Write out exactly the lines below from the one containing "Chalet de lujo" to the last, both ends kept, and nothing more; skip all pictures.

» **Given material**:
★ ★ ★ ★ ★ ★ ★

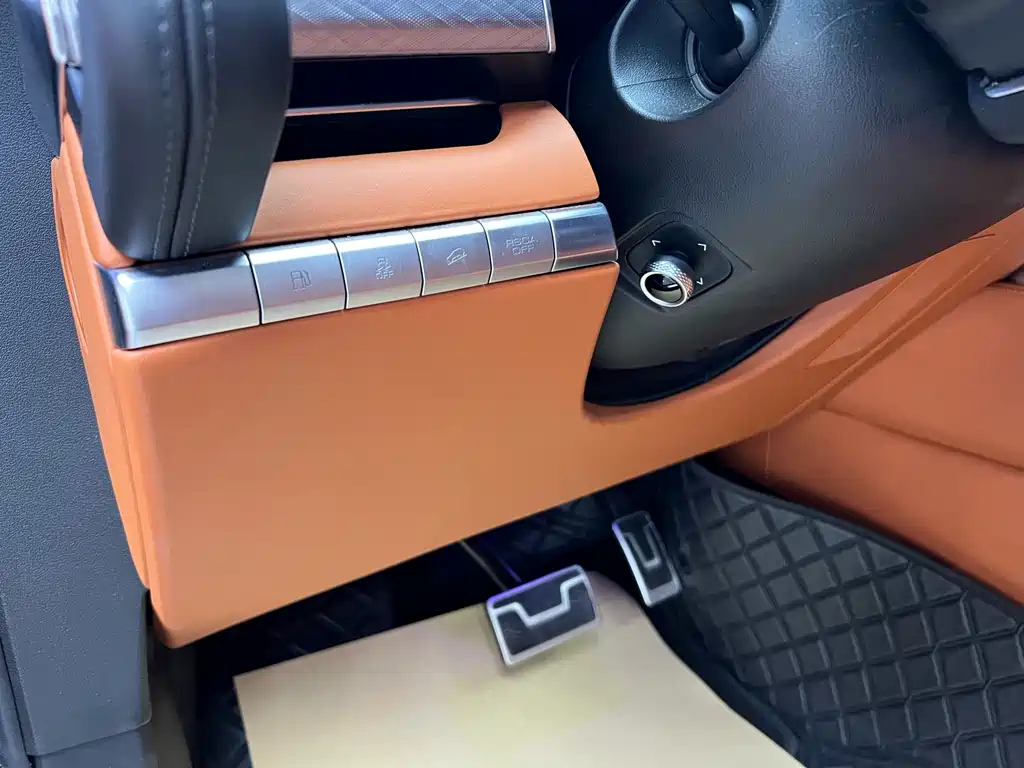 TANK TANK 700 NEW ENERGY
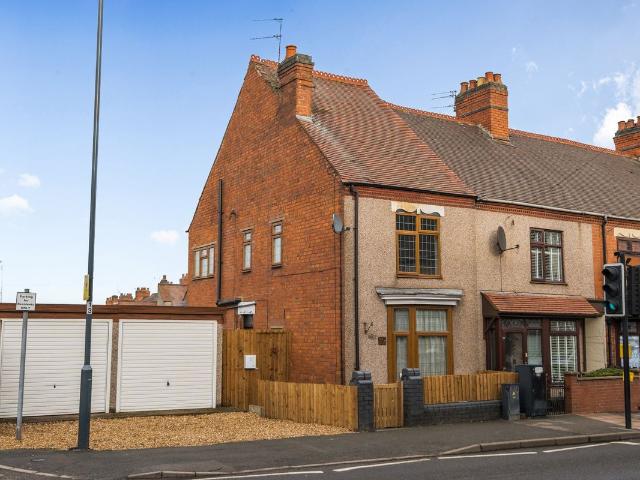 Arbury Road, Nuneaton CV10, 3 bed end terrace house to rent, £1,650 pcm | PrimeLocation
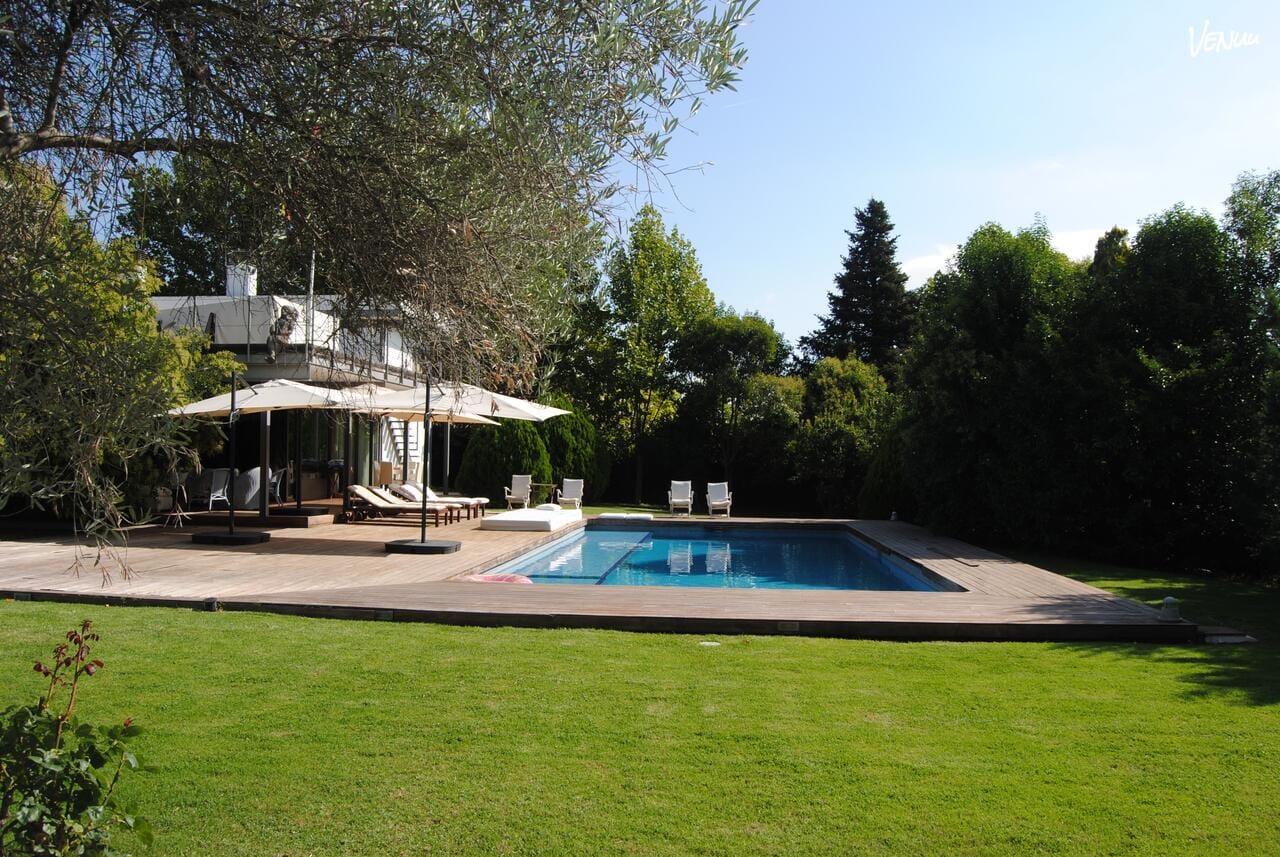 Chalet de lujo con amplios jardines y espacios elegantes, ideal para fiestas privadas y eventos exclusivos en Madrid. 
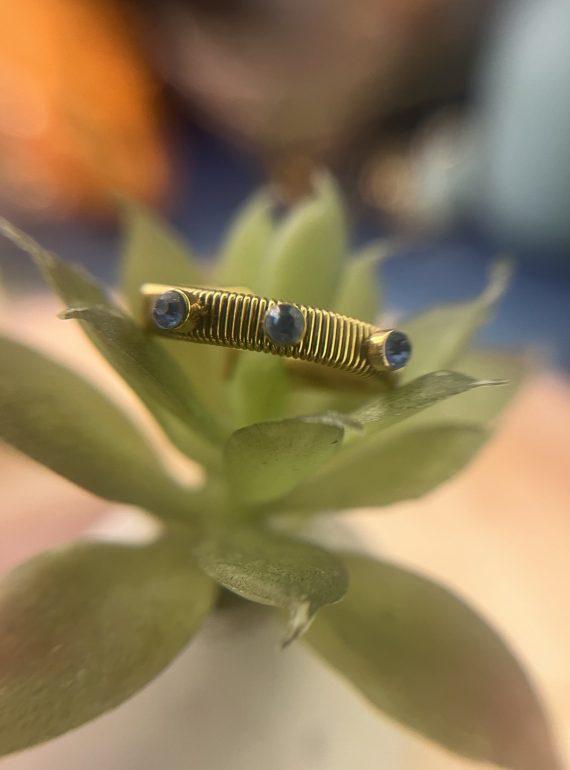 ✨ UShine.gr: Ατσάλινο statement δαχτυλίδι με μπλε πέτρες & ανάγλυφη spiral υφή (χρυσό) No 1340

★ ★ ★ ★ ★ ★ ★

» **Output for this exercise**:
 Chalet de lujo con amplios jardines y espacios elegantes, ideal para fiestas privadas y eventos exclusivos en Madrid. 
 ✨ UShine.gr: Ατσάλινο statement δαχτυλίδι με μπλε πέτρες & ανάγλυφη spiral υφή (χρυσό) No 1340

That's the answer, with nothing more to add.